Impulsively, I count; when they've finished, there are thirteen folds. Both men move with military precision and care, each movement clearly practiced to make this perfect. As they finish, each takes a turn, offering a final salute to their fallen comrade. It's a gesture that not only says goodbye, but speaks volumes of how much respect they held for the deceased. Absently, I wonder how missed he will be.

...Yeah, when this flesh and heart shall fail, and mortal life shall cease, I shall possess within the veil, A life of joy and peace...

It's the man with the fingers my eyes are still drawn to; I can almost feel the respect he held for the man inside the coffin in the way his shoulders remain so straight. When the flag is placed in his hands, he's careful – keeping it level with his waist with his head held high.

He walks to the woman with the Kleenex, replacing the old tissue in her hands with the neatly folded flag.

...Amazing Grace, how sweet the sound...

With a final salute and a kiss to her cheek, he moves to stand at her side. And for some reason, I want to see him, to offer my sympathy with a simple look. But I can't. His face is shadowed by the brim of his hat, eyes cast down to his white gloved hands clasped in front of him. Murmurs pick up once more, and then the shots begin and everyone's eyes point to the sky.

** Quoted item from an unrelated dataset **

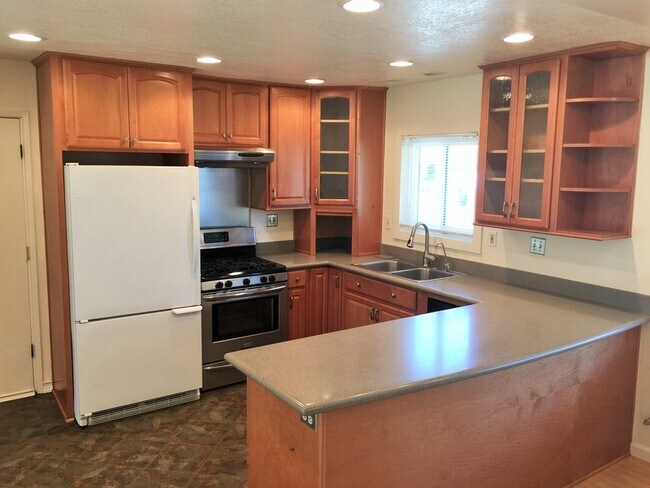 Foto del edificio - 1761 Berrydale St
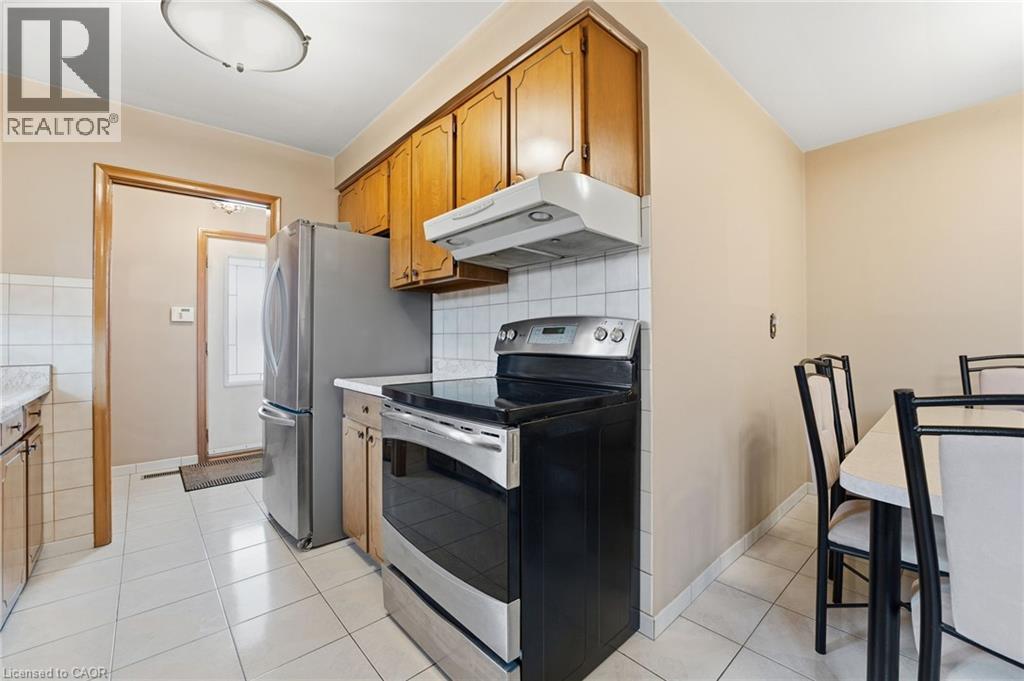 156 Kentley Drive, Hamilton, ON - Indoor Photo Showing Kitchen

I zone out then, biting my lip in thought. There's something about all of this: hearing Taps, seeing those thirteen folds, and the ringing that's left behind in my ears from the twenty-one shots made into the air. The imagery of it all, the careful ceremony so layered with respect and grief, makes my insides clench. Everything is traditional and holds so much symbolism. All signs of respect for someone who has died the way this man did.

The rest of the funeral goes by in what feels like a blur, and I'm startled when the crowd around me starts to move. As we all stand poised to exit the cemetery, person after person speak around me in hushed whispers about honor and nobility, offering their quiet praise to a fallen hero. Their words are heartfelt, and they help me realize and understand that every bit of what's happening today is a well-deserved tribute to someone who left this world too soon.

His accolades are passed from person to person, kind remembrances of the man he was lingering like their own entity amongst the crowd. Expressions of grief layered with stories of what a great person he was surround me on all sides, making me yearn in an odd way. I can't help myself from wishing that I had known him.

Because this man, the reason I'm here – Charles Swan – gave his life to protect another.